▶ [WHAT YOU NEED TO DO] Every line between the top of the data below and the line with "Hi friends, welcome back to ARK Tutorials.", both ends included, must be retyped exactly.

▶ [Stored data entries]

»»

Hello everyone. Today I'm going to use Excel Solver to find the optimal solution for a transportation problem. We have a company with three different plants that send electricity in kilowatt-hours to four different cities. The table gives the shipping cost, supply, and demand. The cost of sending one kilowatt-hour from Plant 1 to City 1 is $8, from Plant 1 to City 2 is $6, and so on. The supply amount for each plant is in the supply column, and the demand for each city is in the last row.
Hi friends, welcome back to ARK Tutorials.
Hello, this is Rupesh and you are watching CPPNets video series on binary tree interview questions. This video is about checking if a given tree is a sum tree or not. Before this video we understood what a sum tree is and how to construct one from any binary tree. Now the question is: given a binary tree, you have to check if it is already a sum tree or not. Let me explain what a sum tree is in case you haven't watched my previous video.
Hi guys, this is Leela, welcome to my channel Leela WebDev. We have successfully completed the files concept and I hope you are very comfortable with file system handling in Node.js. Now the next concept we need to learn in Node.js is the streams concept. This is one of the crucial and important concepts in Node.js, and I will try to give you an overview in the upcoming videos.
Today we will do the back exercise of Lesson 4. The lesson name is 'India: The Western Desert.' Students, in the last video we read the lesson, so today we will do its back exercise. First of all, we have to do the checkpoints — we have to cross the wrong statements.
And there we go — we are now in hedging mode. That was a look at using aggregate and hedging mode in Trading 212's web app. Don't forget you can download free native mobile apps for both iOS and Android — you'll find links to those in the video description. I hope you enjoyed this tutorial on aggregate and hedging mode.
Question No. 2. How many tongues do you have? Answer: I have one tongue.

««

▶ [SOLUTION BELOW]
Hello everyone. Today I'm going to use Excel Solver to find the optimal solution for a transportation problem. We have a company with three different plants that send electricity in kilowatt-hours to four different cities. The table gives the shipping cost, supply, and demand. The cost of sending one kilowatt-hour from Plant 1 to City 1 is $8, from Plant 1 to City 2 is $6, and so on. The supply amount for each plant is in the supply column, and the demand for each city is in the last row.
Hi friends, welcome back to ARK Tutorials.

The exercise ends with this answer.